I'm posting my Xorg.0.log:
http://pastebin.com/7bG08mPb

Here is my glxinfo output:
http://pastebin.com/vaYFPUMC

And here is my xorg.conf output:
http://pastebin.com/wcvyHdB2

What can I do to fix this problem?
Thanks in advance.


----------



## adamk (Dec 31, 2011)

First, your GPU will likely never work as well on FreeBSD as it does on Fedora.  The classic Mesa driver you have to use is not as capable as the newer gallium Mesa driver available on Linux.

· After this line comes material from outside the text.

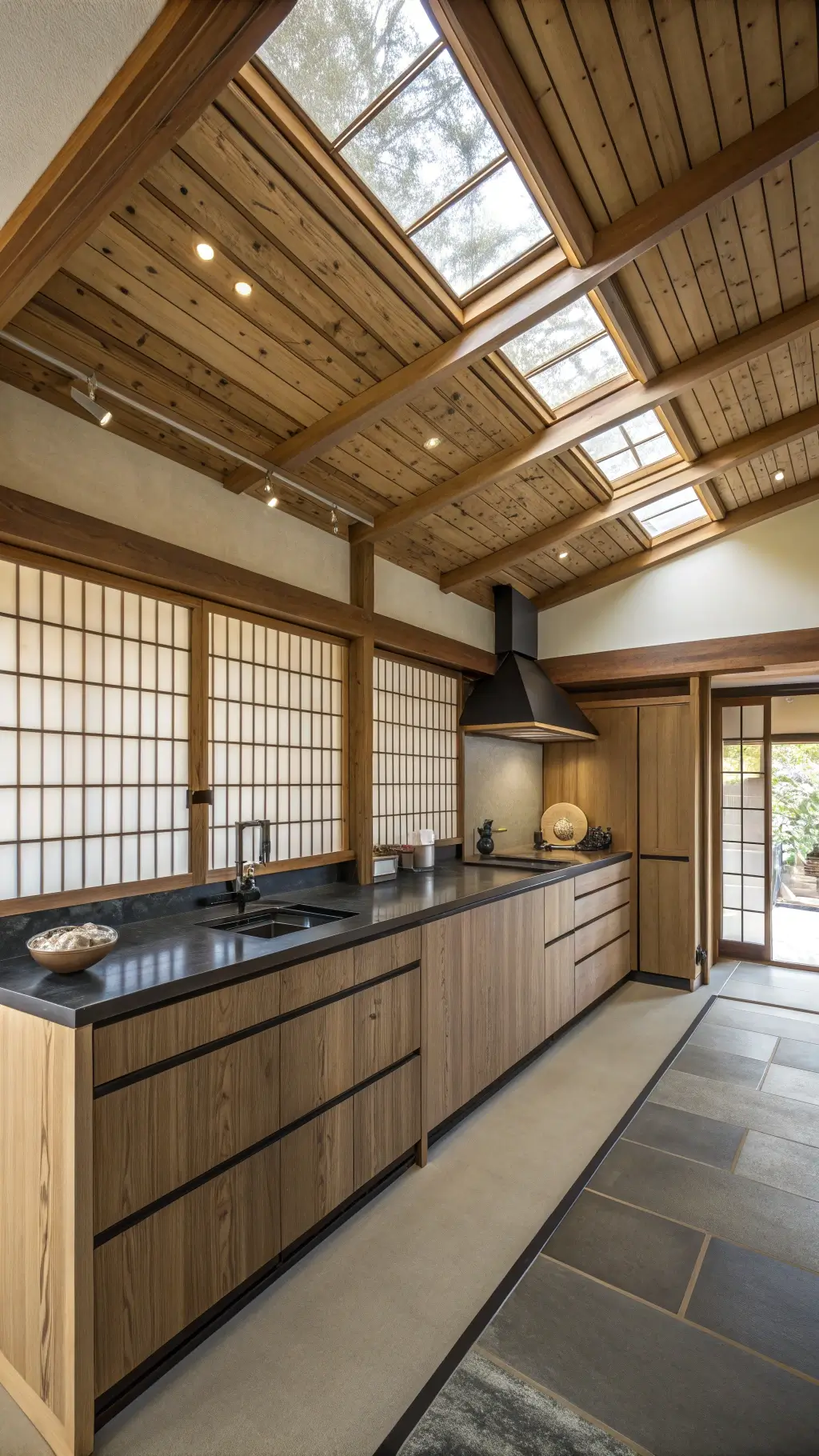 Zen-inspired Japanese kitchen featuring black stained oak cabinets, soapstone counters, ceramic tile backsplash in natural clay tones, and wooden rafters with diffused midday light through rice paper screens creating a meditative calm mood.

However, 3D acceleration is available for your GPU (via the r600 driver, which covers r600 and higher GPUs) if you rebuild graphics/libdrm, graphics/libGL and graphics/dri after setting WITHOUT_NOUVEAU in /etc/make.conf.

Adam


----------



## mylux (Dec 31, 2011)

Hello adamk,

First of all, thanks for the reply. When you say rebuild these softwares are you saying to reinstall these from ports? I use portupgrade/portinstall to install/upgrade software. can I use it normally to do the job?

Thanks.


----------



## adamk (Dec 31, 2011)

Yes and yes.


----------



## mylux (Jan 3, 2012)

Dear adamk, thanks for the help. I did what you said and the values in glxgears increased a lot! Now I get ~1700 FPS and the game I tried to run (Assault Cube) is running better, but it is still laging significantly. Is there a way to get more performance or is it all we can do?

Thanks again.


----------



## adamk (Jan 3, 2012)

You could build a newer version of the driver from source but, honestly, I would not expect to see a significant boost in 3D performance.

Adam


----------



## mylux (Jan 3, 2012)

Yeah. And is kind of hard to do it. You get many errors and it can take days to solve them to be possible to rebuild the driver. I will be aware at the ports tree and upgrade my driver, the DRI, LibGL and libDRM when possible.

Thanks, for now the problem is solved!


----------